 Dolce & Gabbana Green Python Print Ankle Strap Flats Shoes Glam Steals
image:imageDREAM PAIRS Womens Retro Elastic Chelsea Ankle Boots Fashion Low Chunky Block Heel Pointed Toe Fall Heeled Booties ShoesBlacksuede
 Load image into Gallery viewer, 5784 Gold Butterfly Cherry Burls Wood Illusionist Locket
---
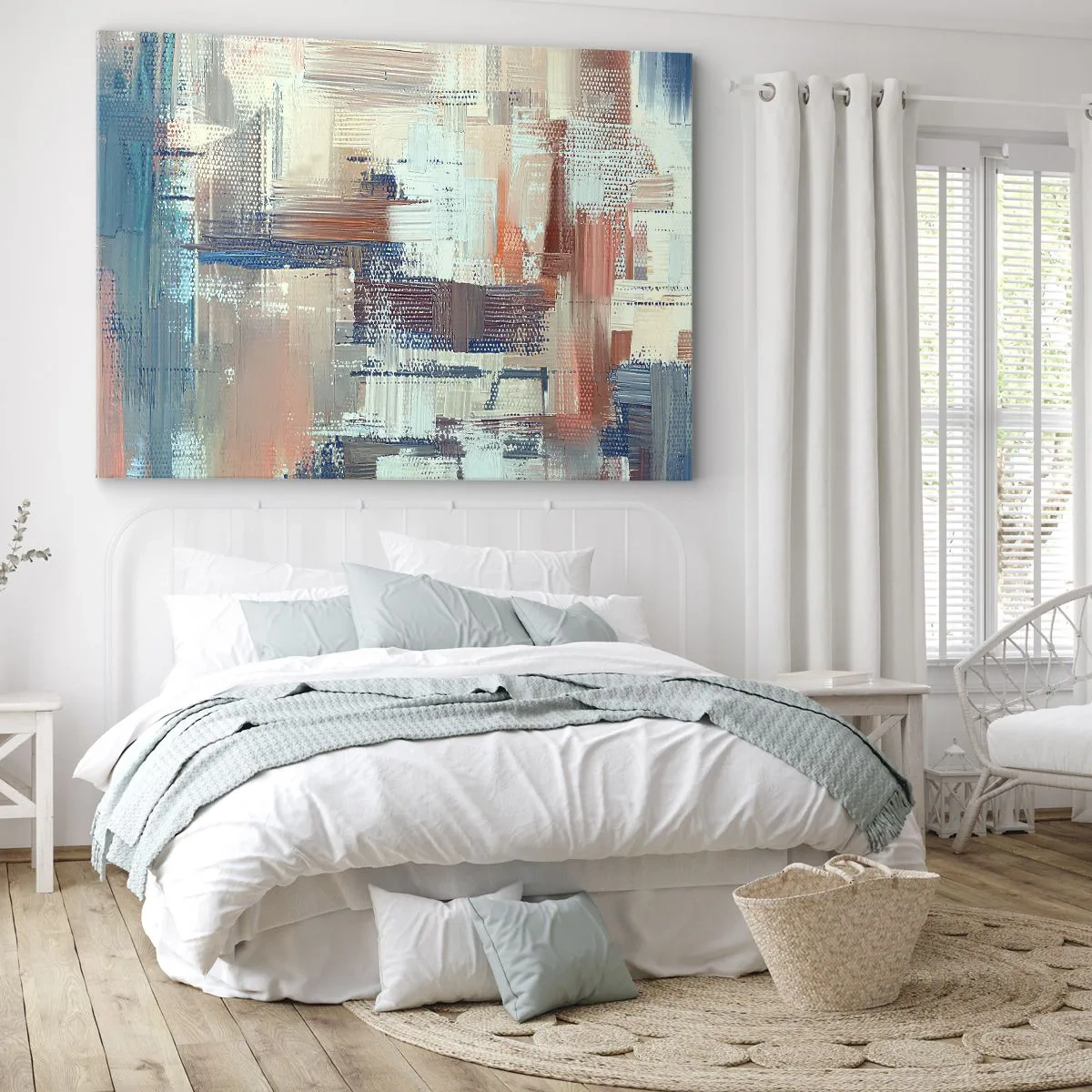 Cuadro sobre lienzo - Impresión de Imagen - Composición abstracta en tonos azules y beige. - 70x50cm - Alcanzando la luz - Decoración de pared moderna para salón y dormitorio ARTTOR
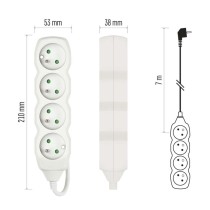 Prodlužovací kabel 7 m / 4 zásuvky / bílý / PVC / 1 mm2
...
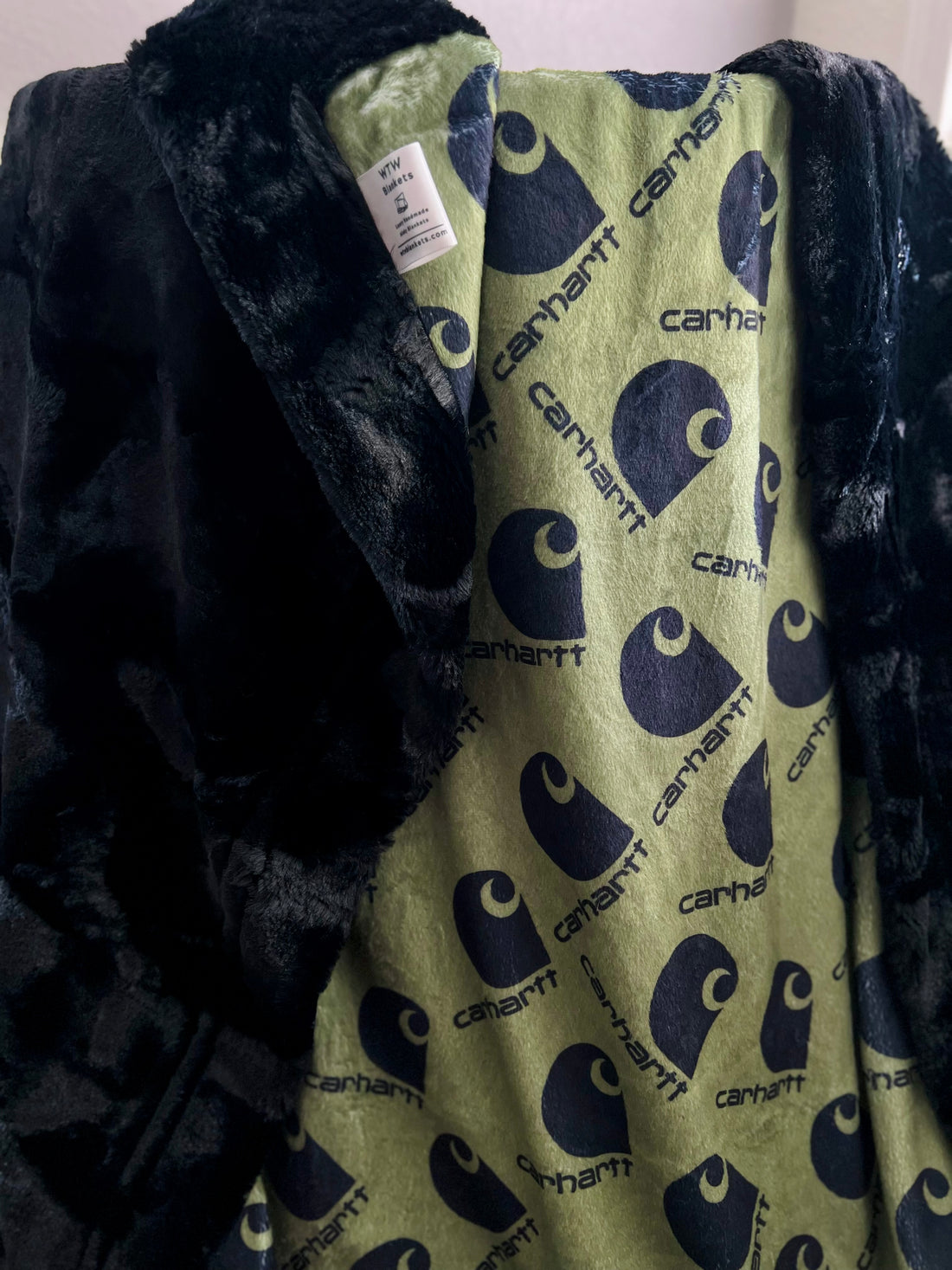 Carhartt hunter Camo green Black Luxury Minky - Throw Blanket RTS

● ACTIVITY: For this exercise, repeat exactly the lines of the data above from the one with "Dolce & Gabbana" down to the one with "Load image into", both end lines included.

● SOLUTION:
 Dolce & Gabbana Green Python Print Ankle Strap Flats Shoes Glam Steals
image:imageDREAM PAIRS Womens Retro Elastic Chelsea Ankle Boots Fashion Low Chunky Block Heel Pointed Toe Fall Heeled Booties ShoesBlacksuede
 Load image into Gallery viewer, 5784 Gold Butterfly Cherry Burls Wood Illusionist Locket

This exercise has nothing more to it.